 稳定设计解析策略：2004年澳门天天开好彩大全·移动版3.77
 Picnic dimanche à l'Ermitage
=-=-=
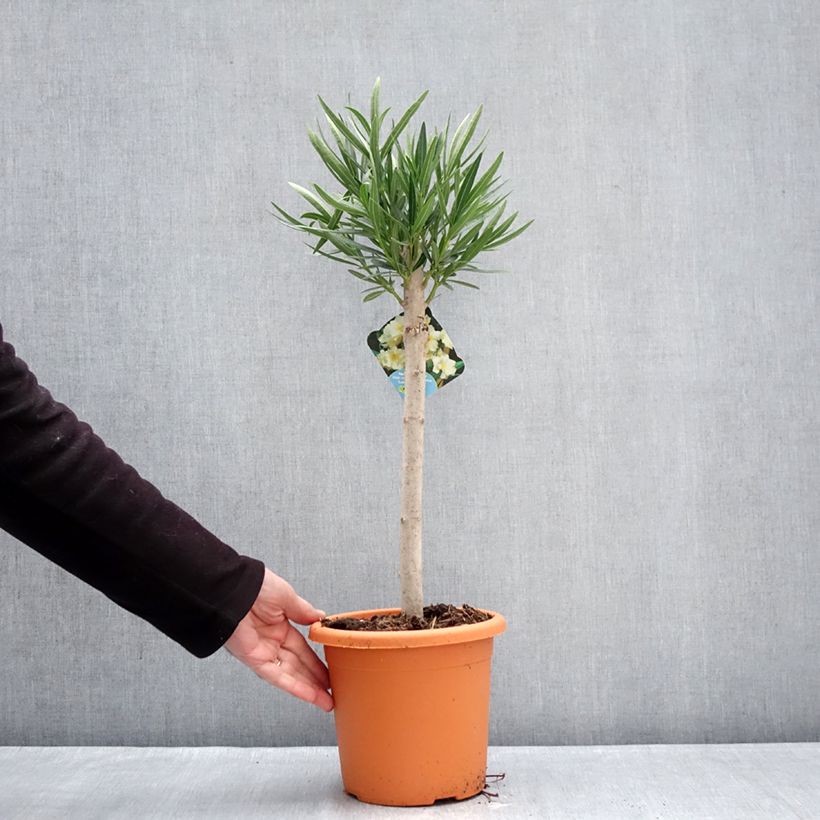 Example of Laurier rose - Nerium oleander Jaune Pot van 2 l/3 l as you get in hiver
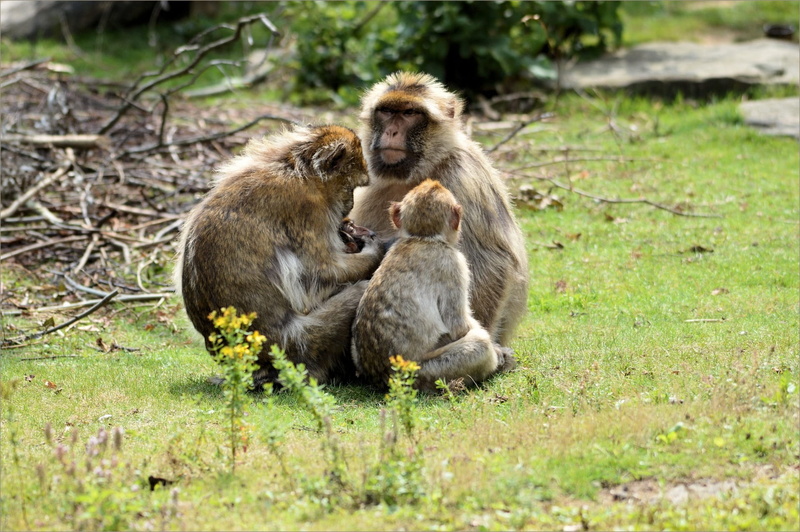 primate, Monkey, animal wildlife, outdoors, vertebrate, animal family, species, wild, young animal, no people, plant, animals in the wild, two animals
=-=-=
With the pictures removed from your copy, retype the lines above from the one that contains "Example of Laurier" through the one that contains "primate, Monkey, animal", exactly.

 Example of Laurier rose - Nerium oleander Jaune Pot van 2 l/3 l as you get in hiver
 primate, Monkey, animal wildlife, outdoors, vertebrate, animal family, species, wild, young animal, no people, plant, animals in the wild, two animals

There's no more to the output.